The UN said on Friday In a 33-page, it received “credible information” indicating Major General Moses Lokujo of SPLA-IO Division 2B was “directly involved in the taxation of teak and mahogany” being illegally harvested in Liwolo, Kariwa, Kendire, Kala, Ajio, Lora Manglotore, Bori, Lowili and Katire payams, all of which are under the control of opposition forces.
“What do they mean like illegal in a controlled area of SPLA-IO? It is supposed to be legal because that thing moved through the community and it comes up to the level of government [IO leadership]. During war, there are those who are loyal to the government, and there are those who are loyal to the rebels, they will always be loyal to us and those with the government will be loyal to the government,” Lam added.
The report also said Lokujo has been active in transporting logs across South Sudan’s borders with the Democratic Republic of the Congo and Uganda.

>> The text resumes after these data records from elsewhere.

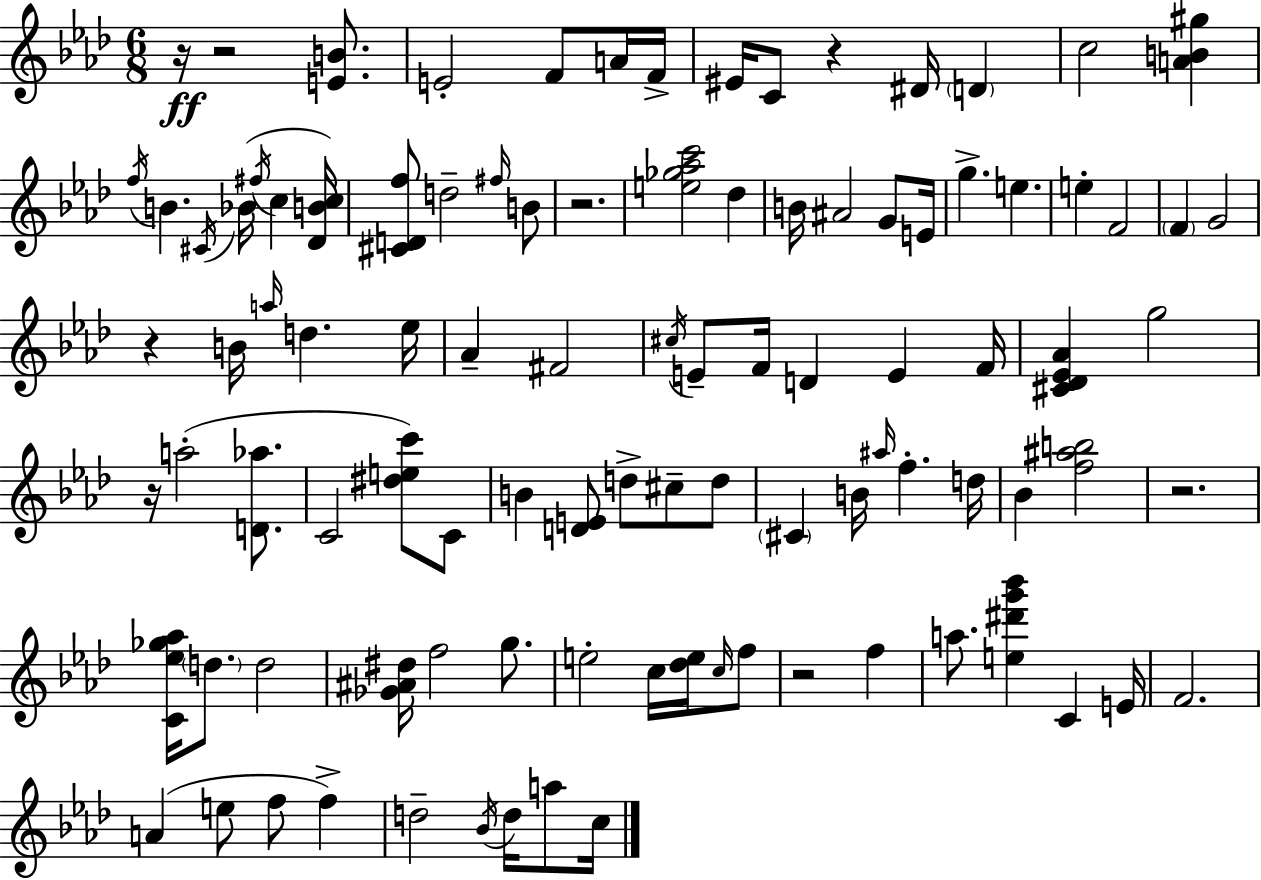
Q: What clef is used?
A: treble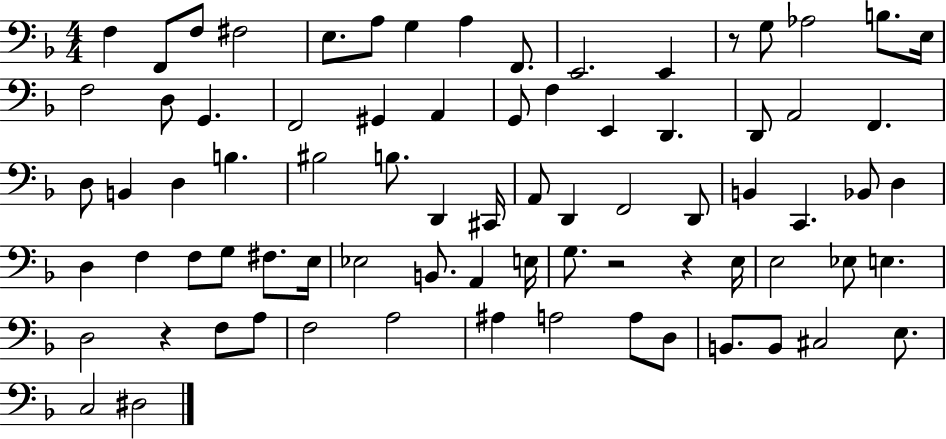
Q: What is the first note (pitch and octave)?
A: F3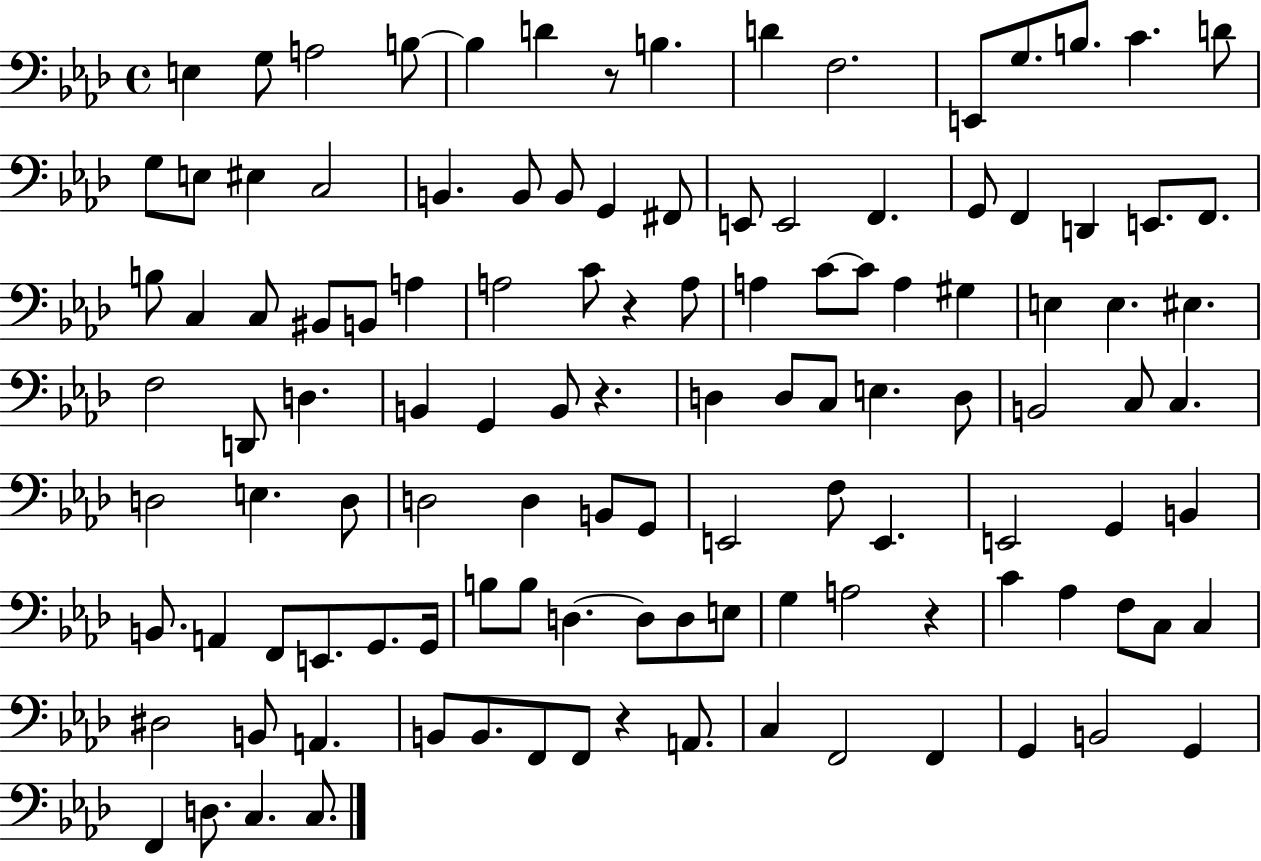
E3/q G3/e A3/h B3/e B3/q D4/q R/e B3/q. D4/q F3/h. E2/e G3/e. B3/e. C4/q. D4/e G3/e E3/e EIS3/q C3/h B2/q. B2/e B2/e G2/q F#2/e E2/e E2/h F2/q. G2/e F2/q D2/q E2/e. F2/e. B3/e C3/q C3/e BIS2/e B2/e A3/q A3/h C4/e R/q A3/e A3/q C4/e C4/e A3/q G#3/q E3/q E3/q. EIS3/q. F3/h D2/e D3/q. B2/q G2/q B2/e R/q. D3/q D3/e C3/e E3/q. D3/e B2/h C3/e C3/q. D3/h E3/q. D3/e D3/h D3/q B2/e G2/e E2/h F3/e E2/q. E2/h G2/q B2/q B2/e. A2/q F2/e E2/e. G2/e. G2/s B3/e B3/e D3/q. D3/e D3/e E3/e G3/q A3/h R/q C4/q Ab3/q F3/e C3/e C3/q D#3/h B2/e A2/q. B2/e B2/e. F2/e F2/e R/q A2/e. C3/q F2/h F2/q G2/q B2/h G2/q F2/q D3/e. C3/q. C3/e.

Gabriel said U.N. experts connected Lokujo to the illegal activity because of logging in Kajo-Keji.
“The truth is, the logging is done by the community approved by the landlords,” Lokujo told South Sudan in Focus.
“After NAS attacked us in 2017 in Kajo-Keji and we lost, three quarters of these civilians — they went back to Uganda. We fought for seventeen days against the forces of Thomas Cirilo and all these IDPS there moved to Uganda. But the U.N. to restrict it to the harassment of the SPLA-IO, they have already taken sides with forces of Thomas Cirilo,” Lam told VOA.
According to the U.N. panel, timber traders pay the SPLA-IO up to $600 for the right to log and $800 to transport logs through their territories.
The U.N. experts said South Sudan Peoples Defense Force commanders in Pageri and Ajaci counties in the former Eastern Equatoria State have traded in timber since April 2017. The U.N. experts said the SSPDF, especially units of its Tiger Division deployed in Moli, are illegally cutting timber and taxing logging companies.
The Panel says the beneficiary of the illegal logging was Major General Johnson Juma, head of administration and finance for the SSPDF. The Panel of Experts said illegal tree logging in South Sudan has left locals with no income in those areas. The South Sudan Peoples Defense Forces Spokesman Major General Lul Ruai declined to comment on the U.N. allegations.